My husband and I were a bit of a whirl wind.. I was living in Denver and home for Christmas, visiting family, when we met. Several months later when I was home for a wedding, we got together and started the long distance thing. Less than three months later, he proposed, I transferred with work and moved back, all within 5 months of getting together. We lived together for about 7 months while we planned our wedding and got married almost exactly one year after our first date. That was just over 3 years ago and we have two babies
And it's been a wild ride. You wouldn't think it, but we are both incredibly left brained, rational people except when it comes to all the super huge decisions in life. With those, we just go for it. We haven't had moment to really think about it, but we've each never been happier. We are so blessed.
We see the world very similarly: our faith, our politics, our careers had similar travel and expectations, the importance of our relationships with our family and friends and how we are raising our kids.
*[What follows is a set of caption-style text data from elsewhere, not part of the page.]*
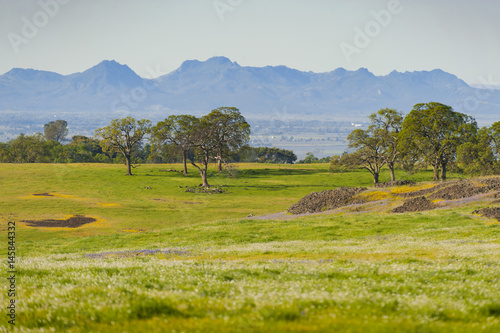 North Table Mountain Ecological Reserve, Oroville, California. An elevated basalt mesa with beautiful vistas of spring wildflowers, waterfalls, lava outcrops and a rare type of vernal pool. photo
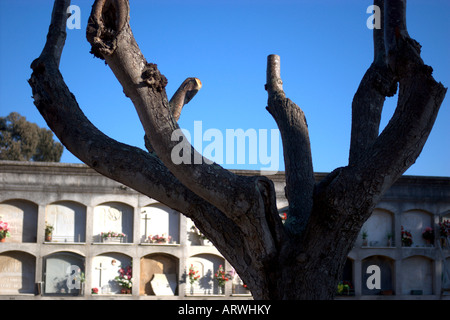 Cimetière de Sant Feliu de Guixols, Catalogne (Espagne). Arbre élagué récemment au premier plan et à l'inhumation des niches dans l'arrière-plan Banque D'Images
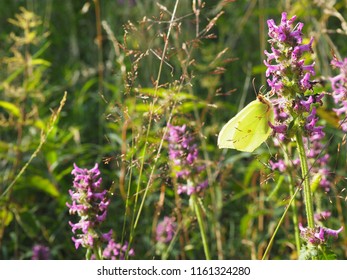 Gonepteryx Rhamni Known Common Brimstone Butterfly Stock Photo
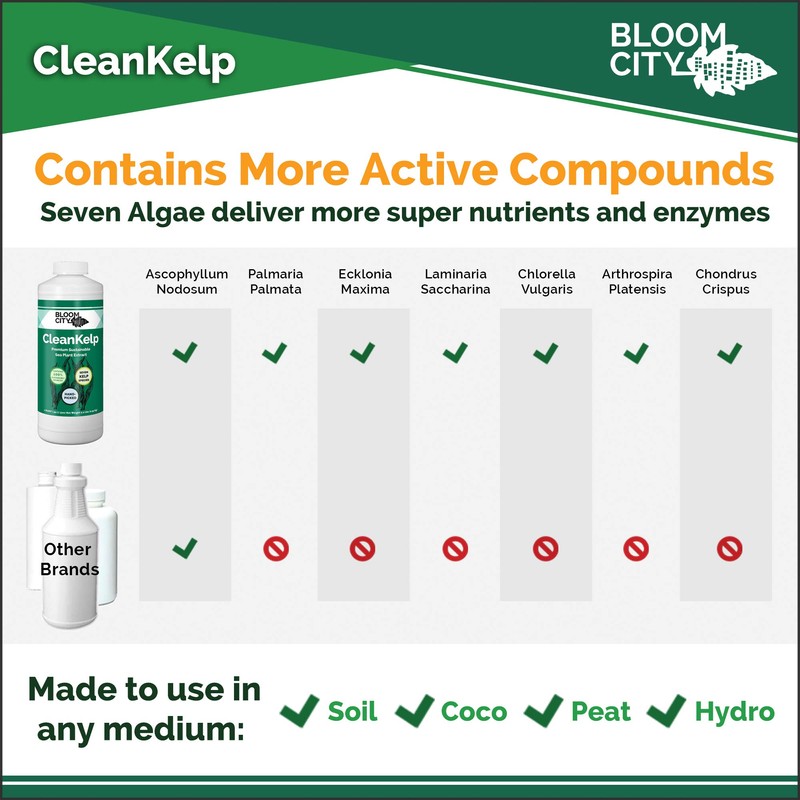 Bloom City Organic Liquid Seaweed and Kelp Fertilizer Supplement (128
We had both dated plenty before we met one another, we completely clicked.
I will say that the first 6 months after each baby was difficult. It's been said over and over on the MM Moms board, but thanks to so many others sharing their stories, I really think I struggled a bit with some anxiety more after my son and if we are blessed with more children, I will take better care of myself.
It's been so different to what I imagined. We were together 8 years before marriage. Since we married 2.5 yrs ago, we've moved several times, somewhat unexpectedly. It's been an incredible experience ans being away from friends and family has done great things to strengthen our relationship.
It's not been without challenges, especially since I've essentially not worked since we married, but it's a sacrifice I took for us that I don't regret at all.
I'm sure on our wedding day I thought we'd be settled down at this point, but I wouldn't trade our time abroad for anything.
Now that I'm pregnant, and we face our impending repatriation, I'm really excited about the next step. Lots of life changes coming for us.
I thought my husband was a good guy when we were dating, but it has become abundantly clear that he is a really really good guy who really cares about my happiness and our family. I got really lucky.
Post by littlemermaid on Nov 12, 2012 9:17:33 GMT -5
We are going on 14 years of marriage. Dated 5 years prior to marriage, never lived together. We have 2 children. Overall we have had a wonderful marriage, normal ups and downs but nothing major. I think we are very fortunate. We are each other's biggest supporter. We truly enjoy each other's company.